Franziska Lüthi (52) wird zusammen mit Roger Meier Touren rund ums Thema Armut und Sucht leiten. Der Start dieser Touren ist im Frühjahr 2018 geplant. Bereits in ihrer Jugend sind Drogen ein Bestandteil ihres Lebens, doch Franziska Lüthi schaffte den Turnaround: Familie, Kinder und ein «normales» Leben. Mit dem Ende der zwölfjährigen Ehe kommt aber die Sucht zurück, Lüthi verliert ihre Arbeit und ihre Wohnung. Sie gleitet in die Armut ab. Dank verschiedener Programme und der Auseinandersetzung mit sich selbst schafft sie es erneut, aus den Drogen auszusteigen. Heute lebt Franziska Lüthi abstinent, konsumiert weder Alkohol noch Drogen. Lüthis Absicht ist es, mit den Stadtrundgängen Vorurteile gegenüber suchtkranken Menschen abzubauen.

Eine Erfolgsgeschichte

Laut Surprise-Geschäftsführerin Paola Gallo haben seit dem Start der sozialen Stadtrundgänge vor fünf Jahren bereits um die 40 000 Personen an den verschiedenen Touren teilgenommen. Dabei gehe es nicht darum, Leute auszustellen, darauf werde genau geachtet, so Gallo. Bislang sind die sozialen Stadtrundgänge also für alle Seiten gewinnbringend. Bereits haben in Bern 46 Touren stattgefunden. Es bleibt zu hoffen, dass vielleicht in der Stadt Freiburg irgendwann ein ähnliches Projekt zustande kommen wird.
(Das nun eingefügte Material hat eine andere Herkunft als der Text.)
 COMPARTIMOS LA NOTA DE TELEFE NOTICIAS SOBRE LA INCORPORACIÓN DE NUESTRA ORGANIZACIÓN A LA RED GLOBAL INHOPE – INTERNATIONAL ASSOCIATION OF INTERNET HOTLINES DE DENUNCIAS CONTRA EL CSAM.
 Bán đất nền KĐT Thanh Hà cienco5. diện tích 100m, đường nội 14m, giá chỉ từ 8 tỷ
Der gemeinnützige Verein Surprise

Mehr als nur Strassenmagazin – Surprise wirkt seit 20 Jahren

Bereits im Jahr 1993 wurde in Basel die Strassenzeitung «Stempelkissen» gegründet. Das «Stempelkissen» fusionierte 1995 mit der Zeitung «Kalter Kaffee, ganz heiss» und wurde seither unter dem Namen «Surprise Arbeitslosenzeitung» publiziert. 1998 wurde der Verein Surprise gegründet und bietet seit nun mehr 20  Jahren Hilfe zur Selbsthilfe an.
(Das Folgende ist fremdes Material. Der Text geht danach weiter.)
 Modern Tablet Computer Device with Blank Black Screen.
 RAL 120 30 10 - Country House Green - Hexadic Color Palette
Seit 2003 erscheint das Surprise-Strassenmagazin alle 14  Tage. Die weiteren Angebote von Surprise wurden seit 2003 nach und nach aufgebaut: das Strassenmagazin, die sozialen Stadtrundgänge, der Strassenfussball, der Strassenchor, das gastronomische Solidaritätsnetzwerk Café Surprise, die Job- und Förderprogramme SurPlus und Chancenarbeitsplatz sowie die niederschwellige Sozialberatung und -begleitung an drei Standorten in Basel, Bern und Zürich.
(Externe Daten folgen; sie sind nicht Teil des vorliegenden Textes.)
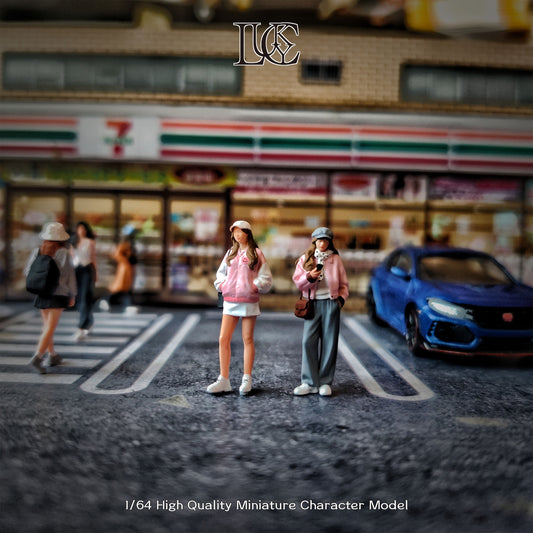 Lucky Studio 1/64 Scale Figurines Model Girl in Pink Coat Duo Collection Miniature Hand-painted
Surprise ist eines von 110 Mitgliedern aus 35 Ländern im internationalen Netzwerk der Strassenzeitungen (INSP). Als unabhängiges Unternehmen mit sozialem Zweck arbeitet Surprise nicht gewinnorientiert und finanziert sich ohne staatliche Gelder. 65  Prozent der Einnahmen werden durch den Erlös des Strassenmagazins, der sozialen Stadtrundgänge und der Inserate generiert, 35  Prozent durch Spenden, Sponsoren- und Stiftungsgelder.